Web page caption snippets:
- - - -

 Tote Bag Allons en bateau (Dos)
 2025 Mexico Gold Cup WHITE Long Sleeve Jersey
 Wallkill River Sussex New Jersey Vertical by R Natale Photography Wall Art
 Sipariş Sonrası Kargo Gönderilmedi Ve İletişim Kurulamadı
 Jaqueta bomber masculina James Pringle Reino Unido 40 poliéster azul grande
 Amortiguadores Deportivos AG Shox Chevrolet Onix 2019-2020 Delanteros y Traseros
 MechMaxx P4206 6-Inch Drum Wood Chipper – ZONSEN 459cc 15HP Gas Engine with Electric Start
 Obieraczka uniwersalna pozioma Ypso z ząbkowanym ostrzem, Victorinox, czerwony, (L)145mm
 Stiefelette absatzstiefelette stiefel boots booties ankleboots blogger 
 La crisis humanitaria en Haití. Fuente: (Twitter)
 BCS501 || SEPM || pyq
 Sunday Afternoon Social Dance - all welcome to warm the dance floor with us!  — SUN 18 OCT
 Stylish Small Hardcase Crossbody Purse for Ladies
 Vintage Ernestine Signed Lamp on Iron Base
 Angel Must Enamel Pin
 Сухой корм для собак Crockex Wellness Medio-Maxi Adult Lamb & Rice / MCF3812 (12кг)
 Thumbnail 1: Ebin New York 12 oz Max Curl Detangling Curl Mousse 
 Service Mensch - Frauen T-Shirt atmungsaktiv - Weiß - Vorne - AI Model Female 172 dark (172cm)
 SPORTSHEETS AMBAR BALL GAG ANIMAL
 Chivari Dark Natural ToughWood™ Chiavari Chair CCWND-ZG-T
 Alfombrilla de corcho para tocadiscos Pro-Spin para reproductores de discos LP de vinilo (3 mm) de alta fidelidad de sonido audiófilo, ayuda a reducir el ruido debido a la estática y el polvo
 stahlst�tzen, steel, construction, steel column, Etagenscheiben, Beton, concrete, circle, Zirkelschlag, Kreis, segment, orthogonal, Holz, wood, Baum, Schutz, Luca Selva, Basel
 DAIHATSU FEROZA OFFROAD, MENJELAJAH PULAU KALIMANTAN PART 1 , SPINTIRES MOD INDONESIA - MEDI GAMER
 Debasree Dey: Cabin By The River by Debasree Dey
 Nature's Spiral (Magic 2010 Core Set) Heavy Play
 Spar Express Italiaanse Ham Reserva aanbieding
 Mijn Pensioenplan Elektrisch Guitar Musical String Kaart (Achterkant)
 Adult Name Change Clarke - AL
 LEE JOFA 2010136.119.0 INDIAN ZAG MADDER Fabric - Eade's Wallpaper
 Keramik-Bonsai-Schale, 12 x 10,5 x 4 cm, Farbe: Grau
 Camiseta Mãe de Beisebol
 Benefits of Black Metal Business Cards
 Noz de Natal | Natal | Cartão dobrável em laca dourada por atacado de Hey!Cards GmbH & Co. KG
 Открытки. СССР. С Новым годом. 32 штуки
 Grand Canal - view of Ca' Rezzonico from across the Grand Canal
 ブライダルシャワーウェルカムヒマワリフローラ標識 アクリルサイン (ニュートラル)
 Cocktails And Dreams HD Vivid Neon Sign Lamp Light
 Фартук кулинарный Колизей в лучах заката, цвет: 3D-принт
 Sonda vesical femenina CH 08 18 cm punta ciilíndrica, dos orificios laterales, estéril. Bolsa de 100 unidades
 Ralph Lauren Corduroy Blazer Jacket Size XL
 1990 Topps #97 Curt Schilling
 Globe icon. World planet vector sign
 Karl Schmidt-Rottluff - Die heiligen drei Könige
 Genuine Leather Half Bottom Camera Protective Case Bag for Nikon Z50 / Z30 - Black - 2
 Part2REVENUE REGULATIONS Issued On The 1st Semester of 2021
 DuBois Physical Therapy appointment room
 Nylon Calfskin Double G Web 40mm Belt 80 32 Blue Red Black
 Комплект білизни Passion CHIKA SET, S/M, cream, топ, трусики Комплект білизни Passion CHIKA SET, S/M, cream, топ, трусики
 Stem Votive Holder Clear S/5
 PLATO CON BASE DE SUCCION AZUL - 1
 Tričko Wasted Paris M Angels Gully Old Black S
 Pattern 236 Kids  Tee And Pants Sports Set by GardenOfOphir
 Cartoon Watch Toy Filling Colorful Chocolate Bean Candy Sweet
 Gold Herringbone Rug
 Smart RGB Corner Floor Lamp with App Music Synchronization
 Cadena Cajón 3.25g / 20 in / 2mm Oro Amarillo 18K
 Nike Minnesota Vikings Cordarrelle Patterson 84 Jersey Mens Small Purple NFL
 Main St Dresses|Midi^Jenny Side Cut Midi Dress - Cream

- - - -

-- ASSIGNMENT --
The answer is the full set of records, printed exactly as given.

-- ANSWER TO THE EXERCISE --
 Tote Bag Allons en bateau (Dos)
 2025 Mexico Gold Cup WHITE Long Sleeve Jersey
 Wallkill River Sussex New Jersey Vertical by R Natale Photography Wall Art
 Sipariş Sonrası Kargo Gönderilmedi Ve İletişim Kurulamadı
 Jaqueta bomber masculina James Pringle Reino Unido 40 poliéster azul grande
 Amortiguadores Deportivos AG Shox Chevrolet Onix 2019-2020 Delanteros y Traseros
 MechMaxx P4206 6-Inch Drum Wood Chipper – ZONSEN 459cc 15HP Gas Engine with Electric Start
 Obieraczka uniwersalna pozioma Ypso z ząbkowanym ostrzem, Victorinox, czerwony, (L)145mm
 Stiefelette absatzstiefelette stiefel boots booties ankleboots blogger 
 La crisis humanitaria en Haití. Fuente: (Twitter)
 BCS501 || SEPM || pyq
 Sunday Afternoon Social Dance - all welcome to warm the dance floor with us!  — SUN 18 OCT
 Stylish Small Hardcase Crossbody Purse for Ladies
 Vintage Ernestine Signed Lamp on Iron Base
 Angel Must Enamel Pin
 Сухой корм для собак Crockex Wellness Medio-Maxi Adult Lamb & Rice / MCF3812 (12кг)
 Thumbnail 1: Ebin New York 12 oz Max Curl Detangling Curl Mousse 
 Service Mensch - Frauen T-Shirt atmungsaktiv - Weiß - Vorne - AI Model Female 172 dark (172cm)
 SPORTSHEETS AMBAR BALL GAG ANIMAL
 Chivari Dark Natural ToughWood™ Chiavari Chair CCWND-ZG-T
 Alfombrilla de corcho para tocadiscos Pro-Spin para reproductores de discos LP de vinilo (3 mm) de alta fidelidad de sonido audiófilo, ayuda a reducir el ruido debido a la estática y el polvo
 stahlst�tzen, steel, construction, steel column, Etagenscheiben, Beton, concrete, circle, Zirkelschlag, Kreis, segment, orthogonal, Holz, wood, Baum, Schutz, Luca Selva, Basel
 DAIHATSU FEROZA OFFROAD, MENJELAJAH PULAU KALIMANTAN PART 1 , SPINTIRES MOD INDONESIA - MEDI GAMER
 Debasree Dey: Cabin By The River by Debasree Dey
 Nature's Spiral (Magic 2010 Core Set) Heavy Play
 Spar Express Italiaanse Ham Reserva aanbieding
 Mijn Pensioenplan Elektrisch Guitar Musical String Kaart (Achterkant)
 Adult Name Change Clarke - AL
 LEE JOFA 2010136.119.0 INDIAN ZAG MADDER Fabric - Eade's Wallpaper
 Keramik-Bonsai-Schale, 12 x 10,5 x 4 cm, Farbe: Grau
 Camiseta Mãe de Beisebol
 Benefits of Black Metal Business Cards
 Noz de Natal | Natal | Cartão dobrável em laca dourada por atacado de Hey!Cards GmbH & Co. KG
 Открытки. СССР. С Новым годом. 32 штуки
 Grand Canal - view of Ca' Rezzonico from across the Grand Canal
 ブライダルシャワーウェルカムヒマワリフローラ標識 アクリルサイン (ニュートラル)
 Cocktails And Dreams HD Vivid Neon Sign Lamp Light
 Фартук кулинарный Колизей в лучах заката, цвет: 3D-принт
 Sonda vesical femenina CH 08 18 cm punta ciilíndrica, dos orificios laterales, estéril. Bolsa de 100 unidades
 Ralph Lauren Corduroy Blazer Jacket Size XL
 1990 Topps #97 Curt Schilling
 Globe icon. World planet vector sign
 Karl Schmidt-Rottluff - Die heiligen drei Könige
 Genuine Leather Half Bottom Camera Protective Case Bag for Nikon Z50 / Z30 - Black - 2
 Part2REVENUE REGULATIONS Issued On The 1st Semester of 2021
 DuBois Physical Therapy appointment room
 Nylon Calfskin Double G Web 40mm Belt 80 32 Blue Red Black
 Комплект білизни Passion CHIKA SET, S/M, cream, топ, трусики Комплект білизни Passion CHIKA SET, S/M, cream, топ, трусики
 Stem Votive Holder Clear S/5
 PLATO CON BASE DE SUCCION AZUL - 1
 Tričko Wasted Paris M Angels Gully Old Black S
 Pattern 236 Kids  Tee And Pants Sports Set by GardenOfOphir
 Cartoon Watch Toy Filling Colorful Chocolate Bean Candy Sweet
 Gold Herringbone Rug
 Smart RGB Corner Floor Lamp with App Music Synchronization
 Cadena Cajón 3.25g / 20 in / 2mm Oro Amarillo 18K
 Nike Minnesota Vikings Cordarrelle Patterson 84 Jersey Mens Small Purple NFL
 Main St Dresses|Midi^Jenny Side Cut Midi Dress - Cream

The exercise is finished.